Initially, we incorporate ccg-QDs into ‘reference’ light-emitting diodes (LEDs) whose architecture is similar to that in refs. ^12,13. These devices (Fig. 1d) are assembled on top of a glass substrate and comprise a ccg-QD active layer (approximately three monolayers thick) sandwiched between a bottom electrode (cathode) made of low-index indium tin oxide (L-ITO) and an organic hole-transport layer (HTL) of poly[(9,9-dioctylfluorenyl-2,7-diyl)-alt(4,4′-(N-(4-butylphenyl)))] (TFB). The L-ITO electrode is made of a mixture of standard ITO and SiO₂, which reduces optical losses and enhances refractive-index contrast at the QD–cathode interface, thereby improving optical-mode confinement in the QD layer¹¹. The TFB HTL is separated from the organic hole-injection layer (HIL) made of dipyrazino[2,3-f:2′,3′-h]quinoxaline-2,3,6,7,10,11-hexacarbonitrile (HAT-CN) by an insulating 50-nm-thick LiF spacer containing a ‘current-focusing’ 30-μm-wide slit^10,12,13. The device is completed with a silver electrode (anode) prepared as a 300-μm-wide strip orthogonal to the slit in the LiF interlayer.

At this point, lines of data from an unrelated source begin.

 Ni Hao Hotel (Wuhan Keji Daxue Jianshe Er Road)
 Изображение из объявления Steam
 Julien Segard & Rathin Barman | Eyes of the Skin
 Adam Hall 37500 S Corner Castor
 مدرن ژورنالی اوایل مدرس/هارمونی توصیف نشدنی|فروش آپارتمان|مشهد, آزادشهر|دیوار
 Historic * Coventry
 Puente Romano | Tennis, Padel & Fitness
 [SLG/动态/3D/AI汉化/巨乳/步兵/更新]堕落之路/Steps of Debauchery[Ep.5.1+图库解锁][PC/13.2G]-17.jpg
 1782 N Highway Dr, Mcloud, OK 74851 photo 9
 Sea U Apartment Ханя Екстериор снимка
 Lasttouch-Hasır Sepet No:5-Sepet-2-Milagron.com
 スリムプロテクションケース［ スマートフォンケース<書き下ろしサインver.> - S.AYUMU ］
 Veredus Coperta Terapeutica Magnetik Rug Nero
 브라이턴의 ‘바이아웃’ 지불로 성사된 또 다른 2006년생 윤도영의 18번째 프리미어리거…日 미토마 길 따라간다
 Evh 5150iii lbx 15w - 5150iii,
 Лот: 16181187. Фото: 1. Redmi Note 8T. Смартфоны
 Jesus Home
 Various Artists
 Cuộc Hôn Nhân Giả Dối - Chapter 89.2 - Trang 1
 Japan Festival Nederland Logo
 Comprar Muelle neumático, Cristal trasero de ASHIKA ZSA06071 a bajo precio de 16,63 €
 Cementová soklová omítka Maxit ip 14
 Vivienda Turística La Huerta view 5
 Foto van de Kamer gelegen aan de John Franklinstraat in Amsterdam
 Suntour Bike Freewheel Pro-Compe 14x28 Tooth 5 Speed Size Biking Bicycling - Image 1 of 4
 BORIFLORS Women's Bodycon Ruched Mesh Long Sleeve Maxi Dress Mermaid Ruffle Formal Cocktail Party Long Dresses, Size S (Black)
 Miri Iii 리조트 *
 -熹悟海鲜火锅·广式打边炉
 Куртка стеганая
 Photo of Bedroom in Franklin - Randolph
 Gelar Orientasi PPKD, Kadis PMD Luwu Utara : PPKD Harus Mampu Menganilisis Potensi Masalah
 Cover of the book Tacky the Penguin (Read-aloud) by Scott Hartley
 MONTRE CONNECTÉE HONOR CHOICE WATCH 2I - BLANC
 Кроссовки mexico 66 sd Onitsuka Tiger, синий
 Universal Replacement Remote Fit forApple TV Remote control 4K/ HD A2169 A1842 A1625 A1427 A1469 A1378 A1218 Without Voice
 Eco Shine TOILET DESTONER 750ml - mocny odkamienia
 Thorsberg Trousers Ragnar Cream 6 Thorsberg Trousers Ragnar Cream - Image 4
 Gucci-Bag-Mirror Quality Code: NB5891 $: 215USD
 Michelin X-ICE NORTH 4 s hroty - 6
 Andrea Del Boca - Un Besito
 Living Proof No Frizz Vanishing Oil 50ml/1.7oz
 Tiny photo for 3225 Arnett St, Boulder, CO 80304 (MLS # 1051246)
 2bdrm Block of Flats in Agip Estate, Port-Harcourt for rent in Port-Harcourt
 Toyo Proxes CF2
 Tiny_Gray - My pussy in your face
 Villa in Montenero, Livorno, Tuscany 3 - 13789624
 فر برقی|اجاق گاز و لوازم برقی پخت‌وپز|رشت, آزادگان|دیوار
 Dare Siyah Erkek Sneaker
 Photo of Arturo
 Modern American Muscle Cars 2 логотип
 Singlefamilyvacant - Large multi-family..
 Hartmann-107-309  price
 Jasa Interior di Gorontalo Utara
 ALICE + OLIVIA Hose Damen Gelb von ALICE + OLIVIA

This approach leads to two-dimensional current focusing and allows us to limit the injection area to 30 × 300 μm². The fabricated LEDs, as well as other devices studied in this work, were characterized at room temperature in air.

In Fig. 1e,f, we show electroluminescence (EL) measurements of one of the reference LEDs excited using pulsed bias (1-μs pulse duration, 1-kHz repetition rate) with a voltage amplitude (V) up to 67 V. At the maximal voltage, the current density (j) reaches 1,019 A cm⁻² (Fig. 1e), which is comparable with values realized with previous current-focusing, pulsed LEDs¹⁰. The device emission turns on at about 3 V, after which the EL intensity exhibits fast growth. The EL spectra measured at lower j peaked at 1.96 eV (1S feature), which corresponds to the band-edge 1S_e–1S_hh transition (Fig. 1f). As j is increased, the EL exhibits a pronounced broadening owing to increasing intensities of the higher energy bands associated with the 1S_e–1S_lh (2.02 eV) and the 1P_e–1P_hh (2.1 eV; 1P feature) transitions (Fig. 1f and Extended Data Fig. 1a). At the highest j, the EL spectrum peaks at the position of the 1P band, which is indicative of a high per-dot excitonic number realized in these devices. In particular, on the basis of the ratio of the 1P-band and 1S-band amplitudes, the average QD excitonic occupancy ⟨N⟩ reaches roughly 7.4 (Extended Data Fig. 1b), which is higher than the optical gain threshold for both the 1S and 1P transitions (Fig. 1c).

Despite achieving population inversion, the reference devices do not exhibit ASE under electrical pumping in either front (surface) or edge emission. This indicates that the overall optical loss overwhelms optical gain generated in a thin QD medium. Photonic modelling of the reference LEDs using a finite element method confirms this assessment (Supplementary Note 1). In these devices, light amplification occurs because of optical modes guided by total internal reflection (TIR) at the L-ITO–glass interface and by the reflection at the silver mirror (Fig. 2a). Because of strong quenching by the metal layer, transverse magnetic (TM) modes experience strong attenuation, therefore, the modes preferred by ASE are of transverse electric (TE) character^12,13.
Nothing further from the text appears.